IDC research shows that infrastructure failure can cost as much as $100 000 per hour, and critical application failure costs can range from $500 000 to a million dollars per hour. “Many organisations cannot recover from such losses. More than 40% of small businesses will not reopen after experiencing such a disaster, and among those that do, an additional 25% will fail within the first year after the crisis,” says Pinto.
Knowing where to start can also present a challenge. “Often, it becomes an overthinking exercise with lots of meetings and, at the end of it all, no plan,” says Horn-Botha. Cost and resourcing can also prove to be major challenges.
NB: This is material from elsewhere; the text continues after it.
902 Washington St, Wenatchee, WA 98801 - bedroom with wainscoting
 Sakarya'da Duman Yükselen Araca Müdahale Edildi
Gerhard Swart, Performanta’s CTO, says that without previous incidents driving the spend, it can be a struggle for organisations to obtain and justify the relevant investments.
Testing, 1-2-3, testing
In order for a business to assess its vulnerability to disasters and determine its disaster recovery needs, there are a myriad solutions, such as continuous testing in which data is placed in a sandbox to monitor its behaviour.
There are also tools that assess vulnerabilities and this space is growing, as companies are keen to know where they are vulnerable, says Horn-Botha.
“That said, with the disparate environments that most organisations have, with cloud, on-premises, SaaS, etc., there are question marks.”
Having a well-defined plan means when disaster strikes, people don’t run around pointing fingers; they know what to do and take responsibility for that.Byron Horn-Botha, Arcserve
For Pinto, a disaster recovery plan that has not been tested cannot be relied upon. “Disaster recovery plans require constant updates based on new threat intelligence that may arise. They also must be updated and periodically reviewed as an organisation’s hardware and software assets change,” she says. “A good recovery plan should have emergency response, backup operations and recovery action procedures. Regularly updating these indicators is a sure way of ensuring that your plan is effective in an ever-changing and uncertain world.” Swart recommends developing a plan based on risk priorities. In other words, identifying the most important and at-risk digital asset.
“And those DR plans should be tested regularly, varying from monthly walkthrough tests to intensive annual drills,” he says. “Since the DR solution is likely to include cloud services, adequate cloud security (such as a cloud access security broker, or service) is also very important. And never forget the 3-2-1 backup rule – no single disaster recovery site can mitigate all risks.”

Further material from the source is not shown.